**Problem description:** The stretch from the line with "Herpa 538787 - 1:500" through the line with "LumenTale: Memories of Trey - Launch Trailer" in the records below: write it out exactly, and nothing else.

**Data for this task:**
--- --- ---

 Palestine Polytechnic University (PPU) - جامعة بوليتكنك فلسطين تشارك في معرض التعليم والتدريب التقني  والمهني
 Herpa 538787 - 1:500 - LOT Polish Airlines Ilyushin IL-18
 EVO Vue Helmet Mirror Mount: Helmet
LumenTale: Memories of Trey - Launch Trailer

--- --- ---

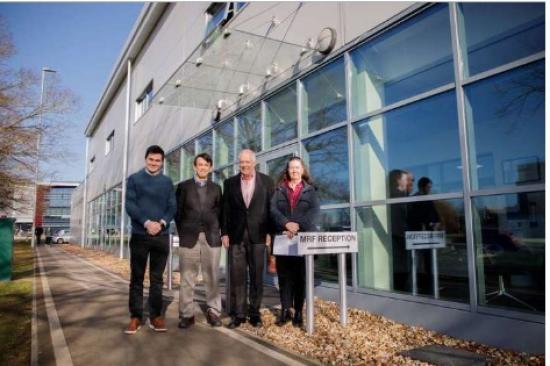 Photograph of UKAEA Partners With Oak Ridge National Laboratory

--- --- ---

**Response to the task:**
 Herpa 538787 - 1:500 - LOT Polish Airlines Ilyushin IL-18
 EVO Vue Helmet Mirror Mount: Helmet
LumenTale: Memories of Trey - Launch Trailer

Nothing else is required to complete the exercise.